§ DESCRIPTION OF THE TASK
Under this line are the records; write out word for word the part that begins at the line containing "history, PNG, brand" and ends at the line containing "外汇期货股票比特币交易", and no more.

§ INFORMATION
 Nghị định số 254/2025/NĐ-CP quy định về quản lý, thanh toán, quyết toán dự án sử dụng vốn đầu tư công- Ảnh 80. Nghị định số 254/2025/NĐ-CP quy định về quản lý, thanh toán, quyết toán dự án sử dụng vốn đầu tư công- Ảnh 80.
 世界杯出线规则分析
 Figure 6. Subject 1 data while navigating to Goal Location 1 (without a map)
* * *
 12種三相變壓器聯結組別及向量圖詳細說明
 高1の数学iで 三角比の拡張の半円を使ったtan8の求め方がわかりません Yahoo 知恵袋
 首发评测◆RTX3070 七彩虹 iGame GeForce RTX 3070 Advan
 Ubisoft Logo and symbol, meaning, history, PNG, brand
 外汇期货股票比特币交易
--
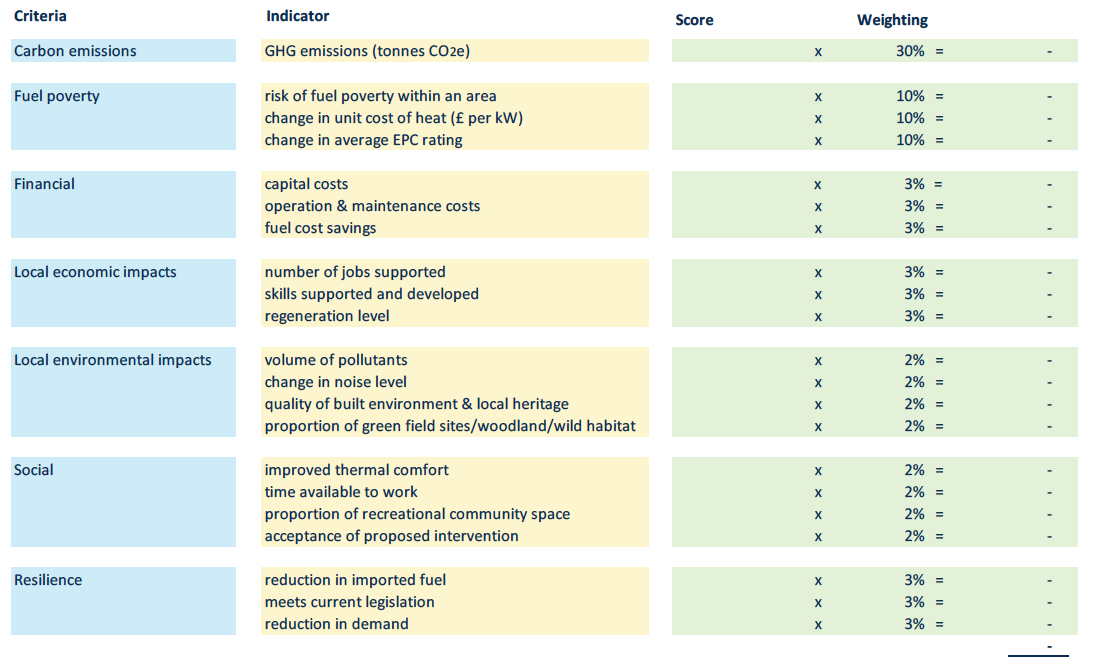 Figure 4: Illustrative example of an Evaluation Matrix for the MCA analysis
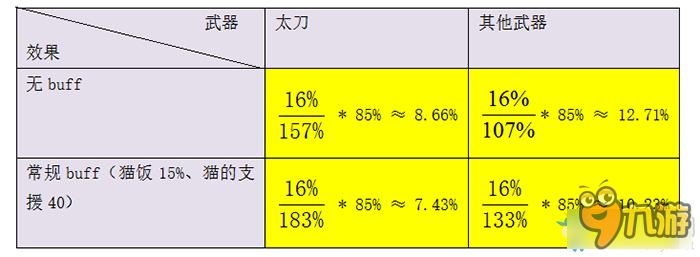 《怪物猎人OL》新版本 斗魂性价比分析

§ SOLUTION TO THE PROBLEM
 Ubisoft Logo and symbol, meaning, history, PNG, brand
 外汇期货股票比特币交易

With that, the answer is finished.